For a nano-second my heart stood still. In the time it took for me to turn halfway around, I thought Patrick would be coming towards me with a smile. Instead, Sarah Rachid got up from where she was sitting.
‘Who are you really?’ she snapped as I approached. ‘There’s no Alena Sarkanova working for The Reporter in New York. Or staying here at the hotel either. So the question is: who are you?’
I sank like a stone onto the sofa. There was nothing to say. I retreated into a haze of fatigue, hearing her continue to talk in the distance.
Arnaud had phoned her after I’d gone to see him the first time. He had shouted and carried on, wanting to find out if Sarah knew what I was really after.
‘So I called New York, the magazine where you claim to work. They’ve never heard of you.’
‘Those switchboard operators are hopeless,’ I said faintly.
From Arnaud she’d learned that I was staying at the same hotel where Patrick had stayed.

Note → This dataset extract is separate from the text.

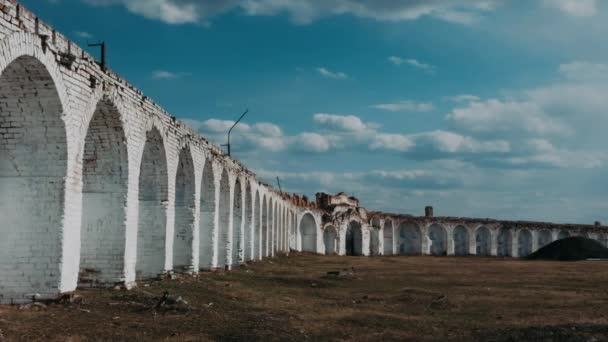 Mura Della Fortezza Cornice Primavera Vecchie Pareti Con Foro Dispositivi — Video Stock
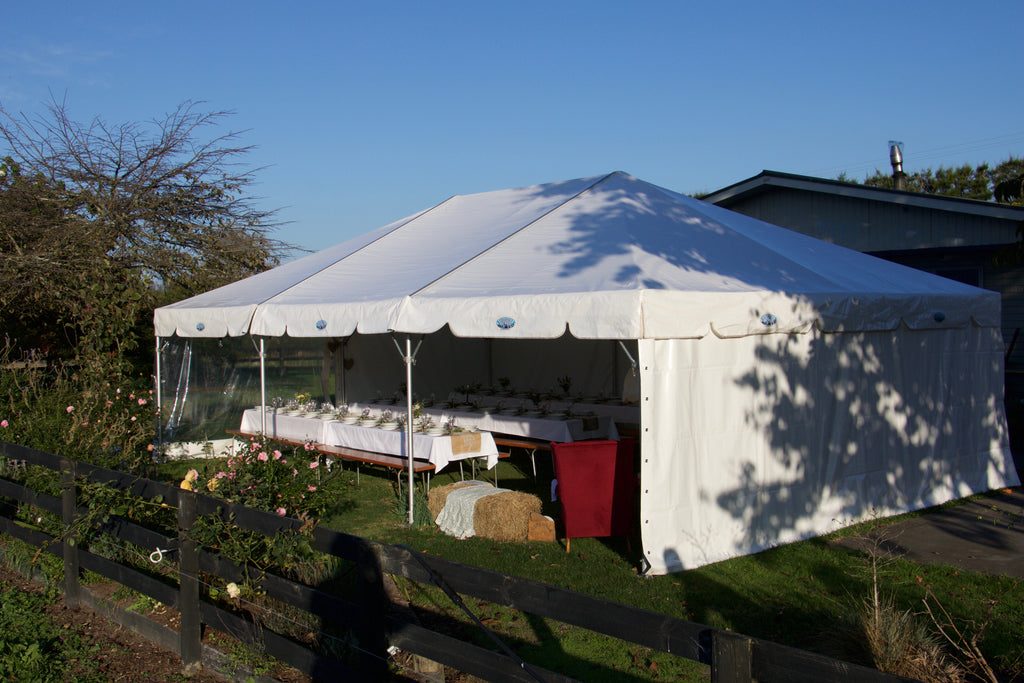 6x9 Clipframe Marquee (incl. white walls)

‘So I come here. I ask for Madame Sarkanova, but they’ve never heard of her. When I repeat the name, and say Alena, he reacts. The clerk over there.’ Sarah points at René, who is pretending to be preoccupied. “‘Oh, Alena Cornwall,” he says. “Is that who you’re looking for?” As you can imagine, I was very surprised, but I introduced myself and told him I’m a lawyer, and then he said I could wait for you here in the lobby.’ She raised her chin aggressively. ‘Why did you lie?’
‘Sarkanova is my maiden name.’
‘And you’re married to Patrick Cornwall?’ Sarah sat down on the armchair across from me and shook her head. ‘But you’re going around telling everyone you’re a reporter. That’s sick.’
‘I needed to ask questions,’ I said. ‘Your brother must have told you that Patrick has disappeared.’
‘What?’ said Sarah. ‘Has something happened to him?’
I studied her face. Her surprise was genuine. Her expression changed to concern and she lowered her eyes.